Activity
In the records that follow, locate every line with "Used" and extract it.

Records shown
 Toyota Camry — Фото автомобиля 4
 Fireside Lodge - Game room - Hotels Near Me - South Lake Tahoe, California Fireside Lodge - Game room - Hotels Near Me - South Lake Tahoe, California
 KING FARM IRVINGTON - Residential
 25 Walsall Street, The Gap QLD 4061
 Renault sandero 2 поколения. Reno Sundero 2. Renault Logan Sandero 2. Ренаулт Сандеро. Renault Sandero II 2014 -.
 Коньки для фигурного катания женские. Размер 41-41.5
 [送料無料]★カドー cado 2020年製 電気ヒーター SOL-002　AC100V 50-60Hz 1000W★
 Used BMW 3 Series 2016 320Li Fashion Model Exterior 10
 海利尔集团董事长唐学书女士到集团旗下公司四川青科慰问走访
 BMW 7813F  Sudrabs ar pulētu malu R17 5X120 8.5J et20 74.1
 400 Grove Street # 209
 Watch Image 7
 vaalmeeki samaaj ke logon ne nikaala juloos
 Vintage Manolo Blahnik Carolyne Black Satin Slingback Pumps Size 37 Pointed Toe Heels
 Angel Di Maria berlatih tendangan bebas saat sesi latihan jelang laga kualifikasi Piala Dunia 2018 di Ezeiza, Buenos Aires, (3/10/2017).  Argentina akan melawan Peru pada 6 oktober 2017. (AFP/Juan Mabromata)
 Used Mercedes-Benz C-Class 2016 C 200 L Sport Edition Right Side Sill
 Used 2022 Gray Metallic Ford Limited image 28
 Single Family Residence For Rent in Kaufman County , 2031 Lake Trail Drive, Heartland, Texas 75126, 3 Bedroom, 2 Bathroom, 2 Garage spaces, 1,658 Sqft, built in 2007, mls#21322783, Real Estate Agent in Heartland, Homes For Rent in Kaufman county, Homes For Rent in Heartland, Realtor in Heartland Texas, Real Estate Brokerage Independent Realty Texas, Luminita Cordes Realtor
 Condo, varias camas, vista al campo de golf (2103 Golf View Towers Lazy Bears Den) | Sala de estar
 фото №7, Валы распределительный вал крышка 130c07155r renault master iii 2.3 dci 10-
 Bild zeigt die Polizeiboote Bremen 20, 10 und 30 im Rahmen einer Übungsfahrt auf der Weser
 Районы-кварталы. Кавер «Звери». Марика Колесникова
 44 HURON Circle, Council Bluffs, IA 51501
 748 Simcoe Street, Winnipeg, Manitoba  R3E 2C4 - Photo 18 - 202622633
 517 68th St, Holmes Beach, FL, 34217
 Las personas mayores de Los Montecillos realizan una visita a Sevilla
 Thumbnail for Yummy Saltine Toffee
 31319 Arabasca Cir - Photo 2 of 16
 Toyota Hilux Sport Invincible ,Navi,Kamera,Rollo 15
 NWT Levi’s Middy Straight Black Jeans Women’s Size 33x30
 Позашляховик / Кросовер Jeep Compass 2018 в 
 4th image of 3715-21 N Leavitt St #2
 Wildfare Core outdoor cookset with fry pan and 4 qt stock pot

Exercise response
 Used BMW 3 Series 2016 320Li Fashion Model Exterior 10
 Used Mercedes-Benz C-Class 2016 C 200 L Sport Edition Right Side Sill
 Used 2022 Gray Metallic Ford Limited image 28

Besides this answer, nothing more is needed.